The cluster specified above allows users to run experiments on an untainted p2.8xlarge instances with minor additions to their experiment configs. To create a cluster with tainted instances, see the Tainting Nodes section below.

To launch the cluster with eksctl, run:

eksctl create cluster --config-file <cluster config yaml>

Note

For an experiment to run, its config must be modified to specify a service account for S3 access . An example of this is provided in the Configuring Per-Task Pod Specs section of the Custom Pod Specs guide.

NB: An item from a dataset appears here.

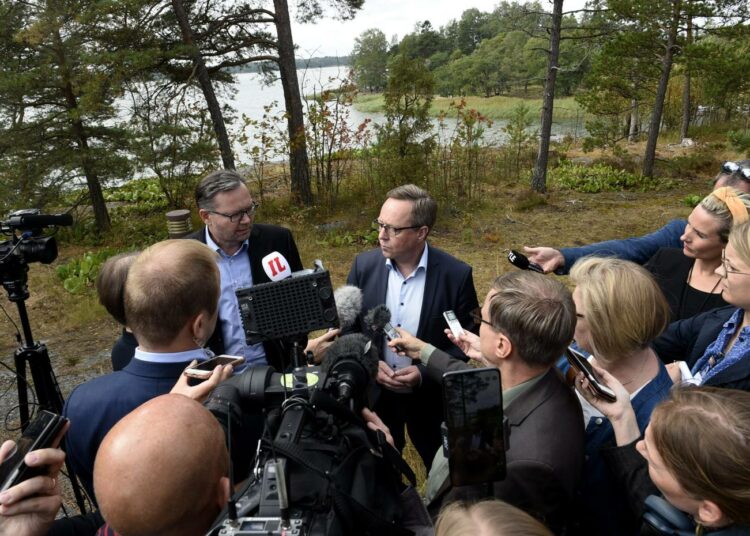 Valtiovarainministeri Mika Lintilä toimittajien piirittämänä Espoossa.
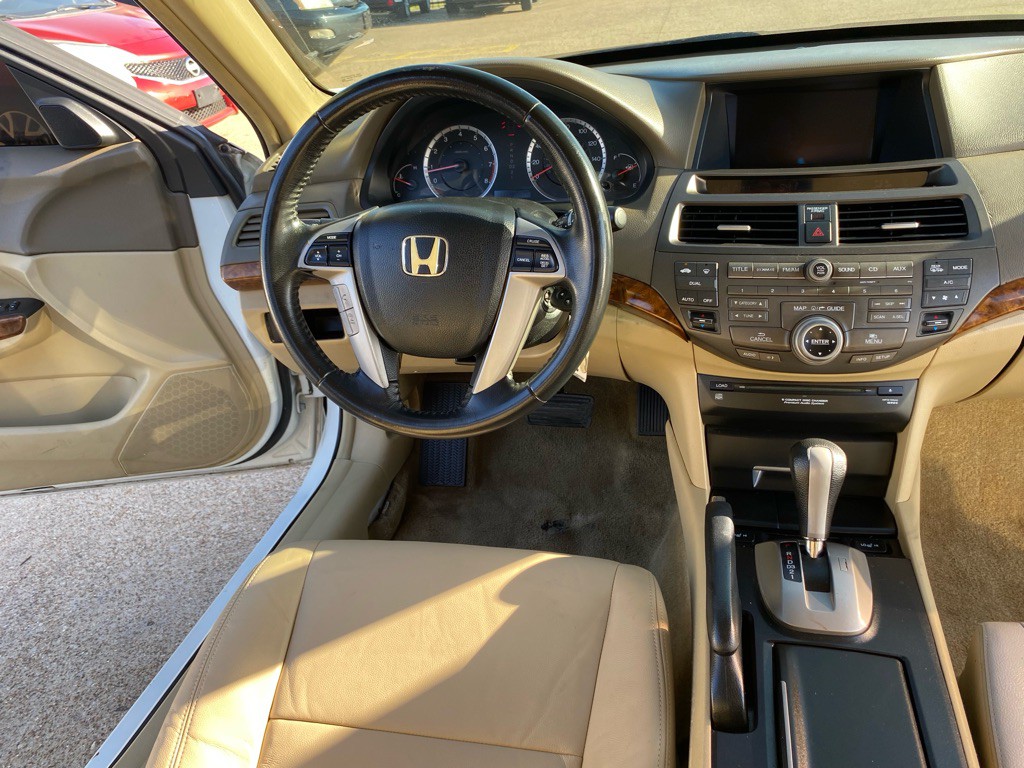 2009 Honda Accord Image 25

Creating a kubeconfig for EKS

After creating the cluster, kubectl should be used to deploy apps. In order for kubectl to be used with EKS, users need to create or update the cluster kubeconfig. This can be done with the command:

aws eks --region <region-code> update-kubeconfig --name <cluster_name>

Enabling GPU support

To use GPU instances, the NVIDIA Kubernetes device plugin needs to be installed. Use the following command to install the plugin:

# Deploy a DaemonSet that enables the GPUs.
kubectl apply -f https://raw.githubusercontent.com/NVIDIA/k8s-device-plugin/master/nvidia-device-plugin.yml

Enabling Autoscaler

Lastly, EKS requires manual deployment of an autoscaler. Save the following configuration in a new file such as determined-autoscaler.yaml:

apiVersion: apps/v1
kind: Deployment
metadata:
  name: cluster-autoscaler
  namespace: kube-system
  labels:
    app: cluster-autoscaler
spec:
  replicas: 1
  selector:
    matchLabels:
      app: cluster-autoscaler
  template:
    metadata:
      labels:
        app: cluster-autoscaler
      annotations:
        prometheus.io/scrape: 'true'
        prometheus.io/port: '8085'
    spec:
      serviceAccountName: cluster-autoscaler
      tolerations:
        - key: node-role.kubernetes.io/master
          operator: "Equal"
          value: "true"
          effect: NoSchedule
      containers:
        - image: k8s.gcr.io/autoscaling/cluster-autoscaler:v1.17.3
          name: cluster-autoscaler
          resources:
            limits:
              cpu: 100m
              memory: 300Mi
            requests:
              cpu: 100m
              memory: 300Mi
          command:
            - ./cluster-autoscaler
            - --v=4
            - --stderrthreshold=info
            - --cloud-provider=aws
            - --skip-nodes-with-local-storage=false
            - --expander=least-waste
            - --scale-down-delay-after-add=5m
            - --node-group-auto-discovery=asg:tag=k8s.io/cluster-autoscaler/enabled,k8s.io/cluster-autoscaler/<cluster-name>
          volumeMounts:
            - name: ssl-certs
              mountPath: /etc/ssl/certs/ca-certificates.crt
              readOnly: true
          imagePullPolicy: "Always"
      volumes:
        - name: ssl-certs
          hostPath:
            path: "/etc/ssl/certs/ca-bundle.crt"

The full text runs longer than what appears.